Undue Hardship Considerations

The amendment does not define what constitutes a "bona fide effort" to reach a reasonable accommodation, but does define an "undue hardship" as an "accommodation requiring (1) unreasonable expense or difficulty, (2) unreasonable interference with the safe or efficient operation of the workplace, (3) a violation of a bona fide seniority system or (4) a violation of any provision of a bona fide collective bargaining agreement."

The new law identifies various factors employers should consider in determining whether an accommodation constitutes an undue hardship, including "the identifiable cost of the accommodation, including the cost of loss of productivity and of retaining or hiring employees or transferring employees from one facility to another, in relation to the size and operating cost of the employer" as well as "the number of individuals who will need the particular accommodation."

The law also contains two "safe harbor" provisions, by specifically providing that (1) "an accommodation shall be considered to constitute an undue hardship if it will result in the inability of an employee to perform the essential functions of the position in which he or she is employed," and (2) no accommodation is required "where the uniform application of terms and conditions of attendance to employees is essential to prevent undue hardship to the employer." The law does not further explain this latter exception and thus the circumstances of its application are uncertain.

The new law appears to impose a much greater reasonable accommodation obligation upon New Jersey employers than exists under federal law.
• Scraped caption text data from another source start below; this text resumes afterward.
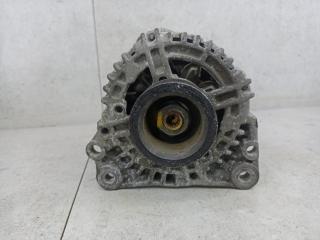 генератор Volkswagen Golf 4 поколение 2005, 028903028D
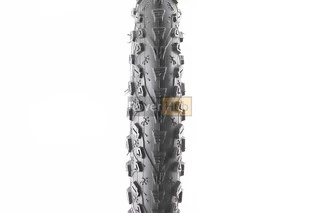 Шина 26"х2,35 (59-559) шипованная H-922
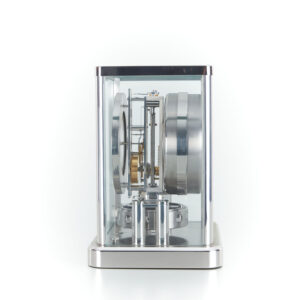 Lot 897 - vente 1246 - JAEGER LECOULTRE… - 2026-08-08T16:30 8 852456601 3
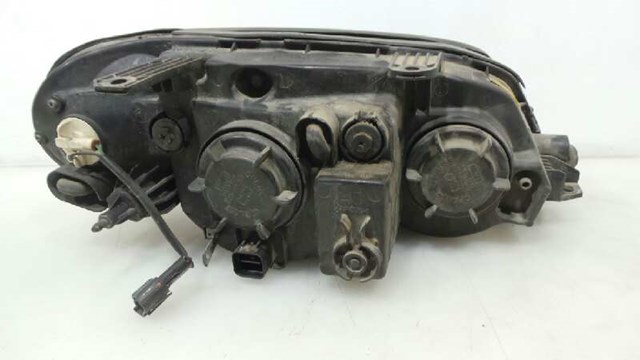 Reflektor lewy KIA Shuma 2 FB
Under federal law, the Supreme Court has held that if an accommodation imposes more than a "de minimis" burden on an employer, the accommodation need not be granted. The LAD amendments appear to require more than simply a de minimis burden to justify denial of an accommodation. Many observers believe that the Supreme Court's narrow reading of Title VII's religious accommodation requirement reflects hesitancy by the Court to run afoul of the Constitution's First Amendment ban on establishment of religion. The fate of any First Amendment challenge to the LAD's new requirements remains to be seen.

Impact on Pay and Benefits

The new law also addresses various pay and benefits ramifications of granting a religious accommodation.

If an employer grants a schedule change as an accommodation, the employee is not entitled to any "premium wages" (such as premium pay for night, weekend or holiday work) or "premium benefits" (including seniority, sick leave or annual leave) that would ordinarily be applicable to the hours worked by the employee as an accommodation. For example, if an employer permits an employee to work the night shift rather than the day shift in order to attend religious services on Sundays, the employee is not entitled to any night shift differential that might otherwise be applicable.

However, this provision does not relieve the employer of any obligation to pay overtime wages, nor does it supersede any entitlement to premium wages or benefits due under a collective bargaining agreement. Moreover, the employer must count any hours worked by an employee as an accommodation "towards the accruing of seniority, pension and other benefits."